Dengan kata lain, menyelamatkan harimau bukan soal pelestarian nostalgia masa kecil atau konten Instagram safari, tapi soal menjaga sistem penyangga kehidupan global. Jika Anda masih merasa ini cuma urusan “aktivis lingkungan,” mungkin Anda harus melihat ulang tagihan listrik Anda saat musim panas.

Saatnya Kebijakan Publik Belajar dari Hutan

Mari kita akui, selama ini pendekatan kita pada krisis iklim cenderung teknokratis, birokratis, dan terkadang terlalu pesimis. Kita terlalu sibuk menambal lubang, alih-alih mencegah jalan berlubang sejak awal. Konservasi satwa liar, yang selama ini dianggap "bonus tambahan," justru bisa jadi kartu truf kita dalam menghadapi krisis iklim.

Sebagai negara dengan biodiversitas melimpah, Indonesia seharusnya berdiri di garis depan dalam agenda ini.
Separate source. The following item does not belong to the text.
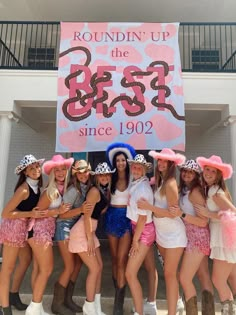 a group of women standing next to each other in front of a sign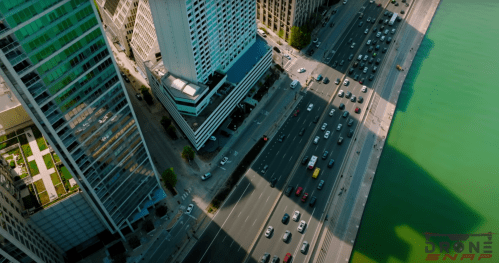 Aerial view of a busy city street with cars, tall buildings, and a green river beside the road.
Kita punya harimau sumatra, orangutan, anoa, hingga burung cendrawasih—semua bisa jadi mitra ekologis kita, sekaligus “aset” dalam diplomasi karbon global.

Namun agar itu terjadi, kita perlu memperbaiki banyak hal: kebijakan konservasi yang sering setengah hati, pendanaan yang minim, dan kesadaran publik yang lebih suka selfie dengan harimau di kebun binatang ketimbang menyumbang untuk perlindungan habitat aslinya.

Jika kita bisa mengubah cara pandang ini, mungkin suatu saat, ketika dunia menghadapi gelombang panas ekstrem atau krisis air bersih, kita bisa bilang dengan bangga: “Kami menyelamatkan harimau, dan mereka menyelamatkan kami kembali.”